#### WHAT YOU NEED TO DO
Reproduce the lines below exactly, from the one containing "This command is" through the one containing "Welcome to this", both included. Leave out any pictures.

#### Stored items
##########
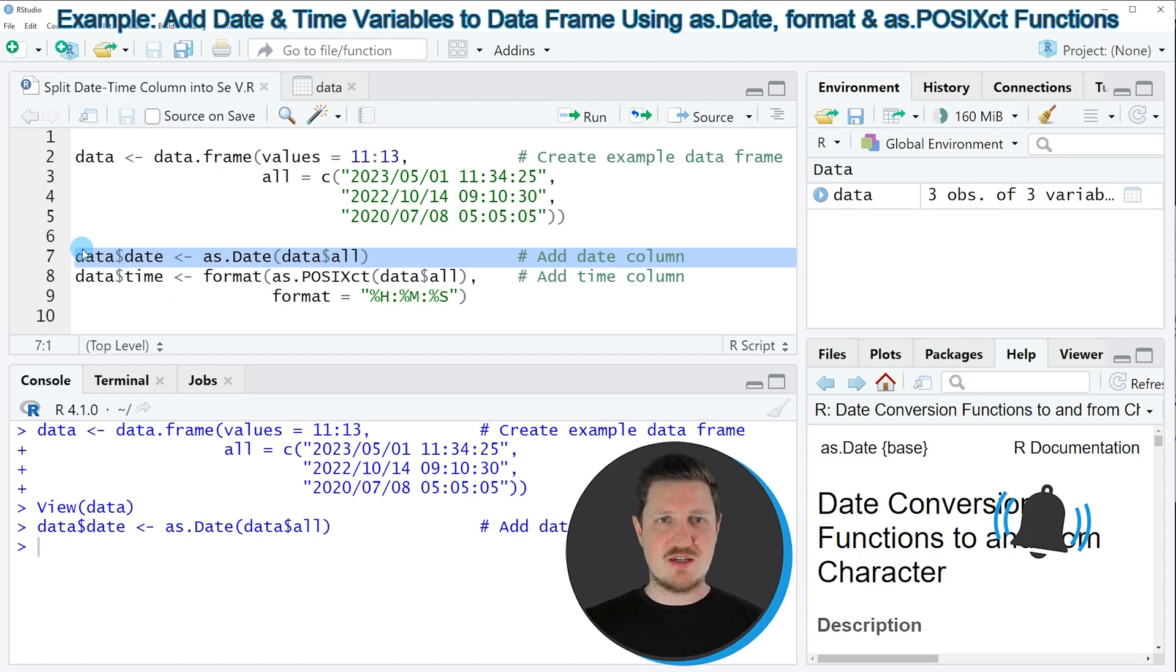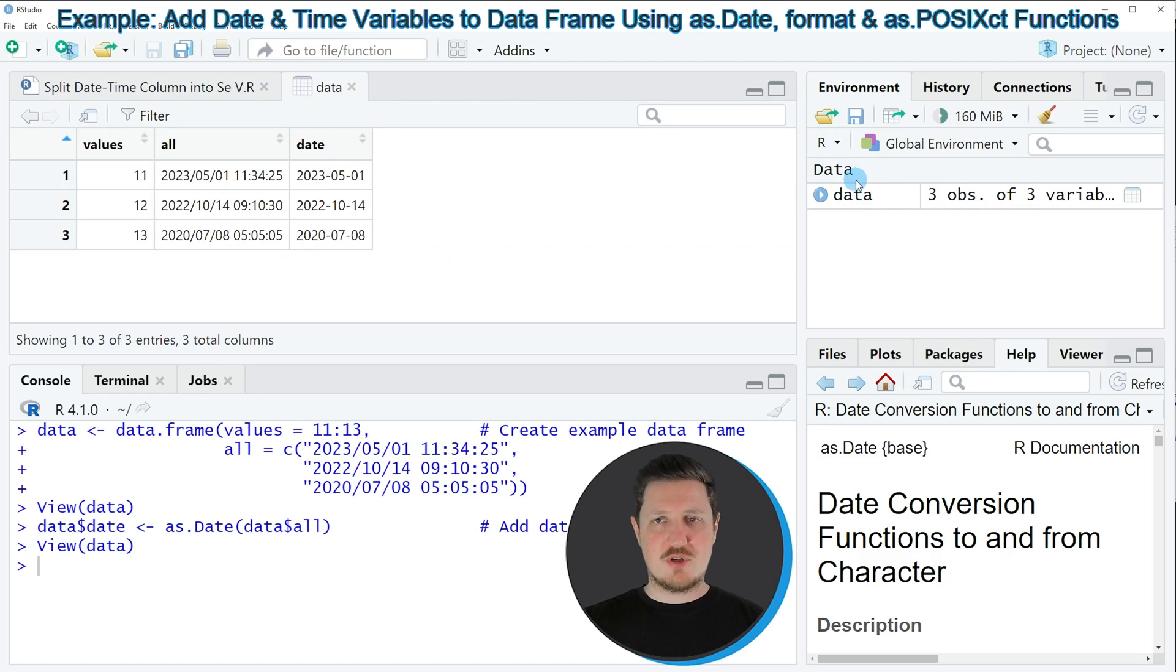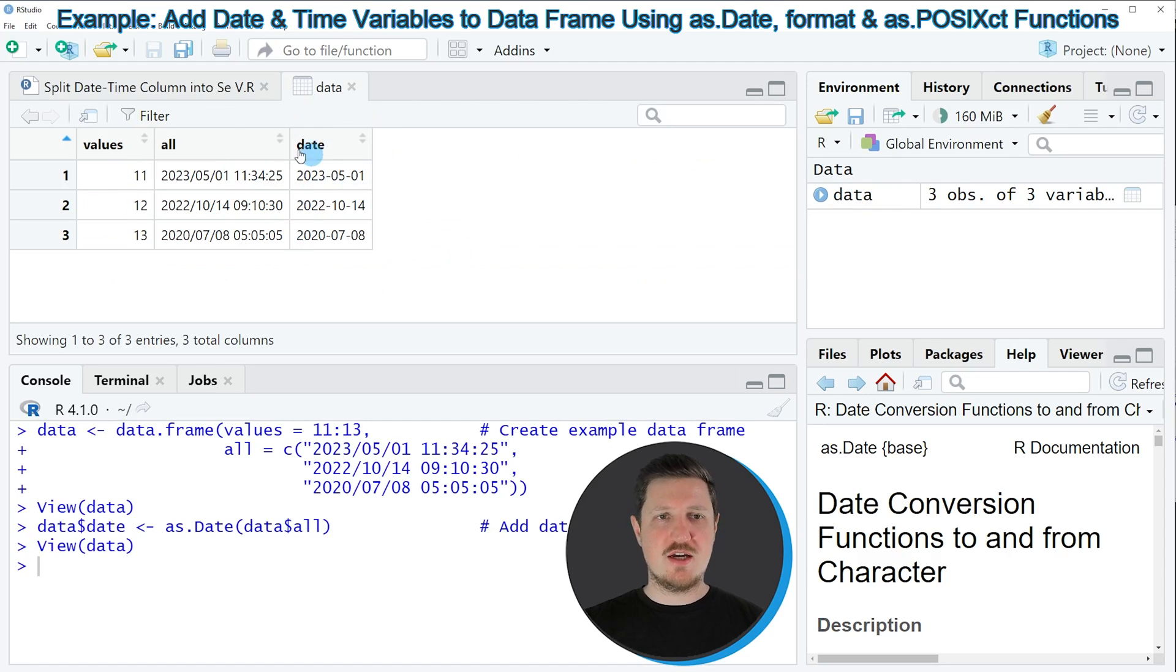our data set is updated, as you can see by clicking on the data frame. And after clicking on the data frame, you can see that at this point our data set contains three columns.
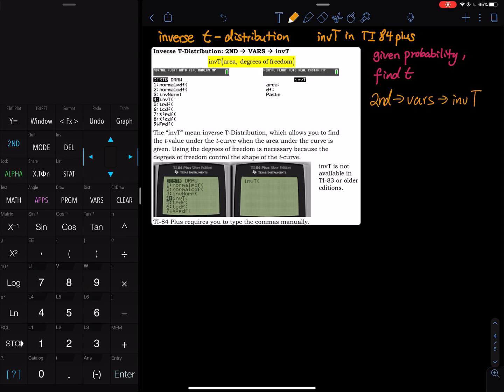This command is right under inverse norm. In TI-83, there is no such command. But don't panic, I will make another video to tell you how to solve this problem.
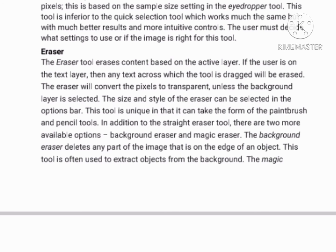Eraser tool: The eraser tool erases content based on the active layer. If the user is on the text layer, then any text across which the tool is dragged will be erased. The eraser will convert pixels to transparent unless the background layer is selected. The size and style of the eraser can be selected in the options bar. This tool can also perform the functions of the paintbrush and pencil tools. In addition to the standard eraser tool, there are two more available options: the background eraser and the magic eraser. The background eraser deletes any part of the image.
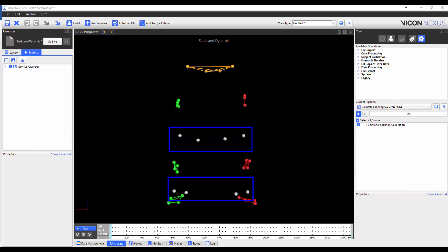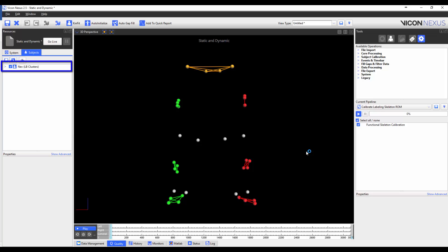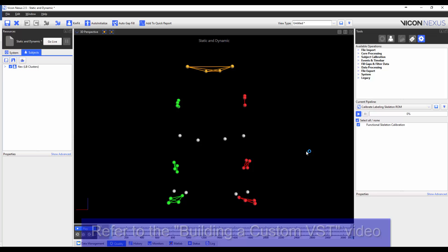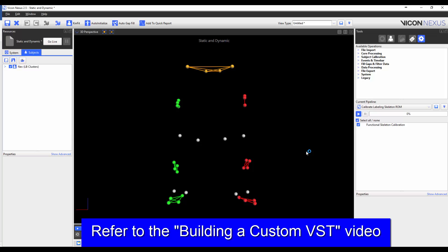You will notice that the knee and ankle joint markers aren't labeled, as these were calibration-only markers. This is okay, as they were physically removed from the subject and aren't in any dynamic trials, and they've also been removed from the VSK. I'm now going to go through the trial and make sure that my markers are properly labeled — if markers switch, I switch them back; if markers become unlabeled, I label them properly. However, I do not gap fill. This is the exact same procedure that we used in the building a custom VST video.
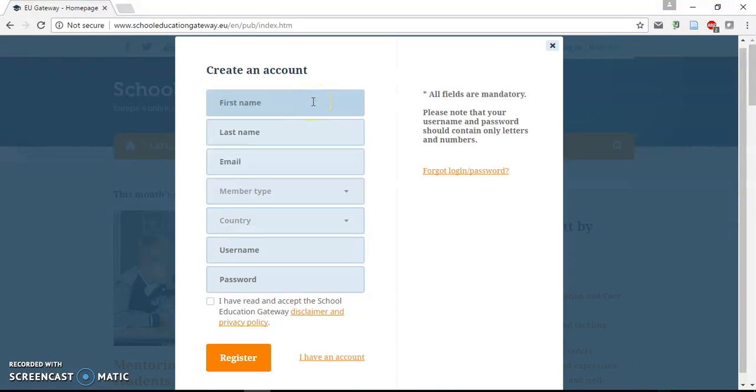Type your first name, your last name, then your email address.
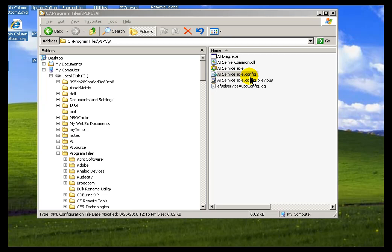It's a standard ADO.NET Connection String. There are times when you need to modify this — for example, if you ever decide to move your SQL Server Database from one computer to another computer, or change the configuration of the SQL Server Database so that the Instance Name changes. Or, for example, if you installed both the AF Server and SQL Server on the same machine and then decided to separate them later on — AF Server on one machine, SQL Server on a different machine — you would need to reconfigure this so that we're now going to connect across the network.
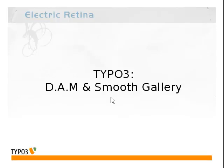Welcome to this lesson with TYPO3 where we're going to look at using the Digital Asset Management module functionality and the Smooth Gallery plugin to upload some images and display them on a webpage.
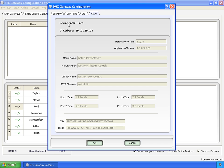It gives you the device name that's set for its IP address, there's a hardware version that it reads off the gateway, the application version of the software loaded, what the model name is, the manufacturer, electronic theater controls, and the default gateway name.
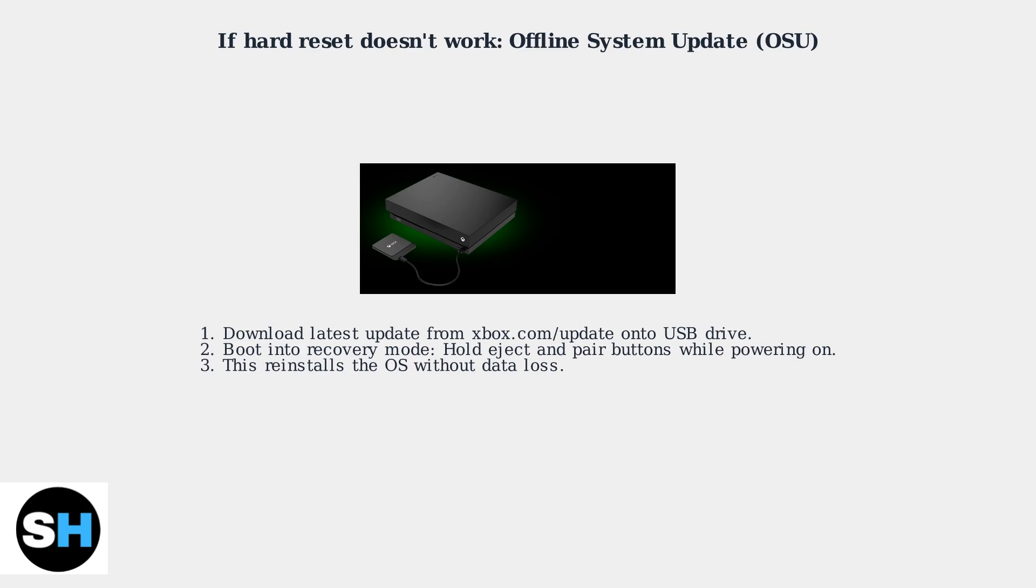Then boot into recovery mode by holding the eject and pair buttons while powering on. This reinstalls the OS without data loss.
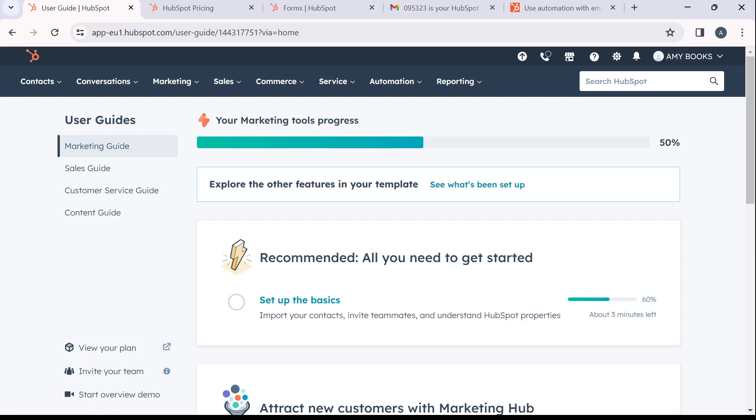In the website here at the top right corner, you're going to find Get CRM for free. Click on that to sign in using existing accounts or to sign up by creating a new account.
##########
#### RESULT OF THIS EXERCISE
This command is right under inverse norm. In TI-83, there is no such command. But don't panic, I will make another video to tell you how to solve this problem.
Eraser tool: The eraser tool erases content based on the active layer. If the user is on the text layer, then any text across which the tool is dragged will be erased. The eraser will convert pixels to transparent unless the background layer is selected. The size and style of the eraser can be selected in the options bar. This tool can also perform the functions of the paintbrush and pencil tools. In addition to the standard eraser tool, there are two more available options: the background eraser and the magic eraser. The background eraser deletes any part of the image.
You will notice that the knee and ankle joint markers aren't labeled, as these were calibration-only markers. This is okay, as they were physically removed from the subject and aren't in any dynamic trials, and they've also been removed from the VSK. I'm now going to go through the trial and make sure that my markers are properly labeled — if markers switch, I switch them back; if markers become unlabeled, I label them properly. However, I do not gap fill. This is the exact same procedure that we used in the building a custom VST video.
Type your first name, your last name, then your email address.
It's a standard ADO.NET Connection String. There are times when you need to modify this — for example, if you ever decide to move your SQL Server Database from one computer to another computer, or change the configuration of the SQL Server Database so that the Instance Name changes. Or, for example, if you installed both the AF Server and SQL Server on the same machine and then decided to separate them later on — AF Server on one machine, SQL Server on a different machine — you would need to reconfigure this so that we're now going to connect across the network.
Welcome to this lesson with TYPO3 where we're going to look at using the Digital Asset Management module functionality and the Smooth Gallery plugin to upload some images and display them on a webpage.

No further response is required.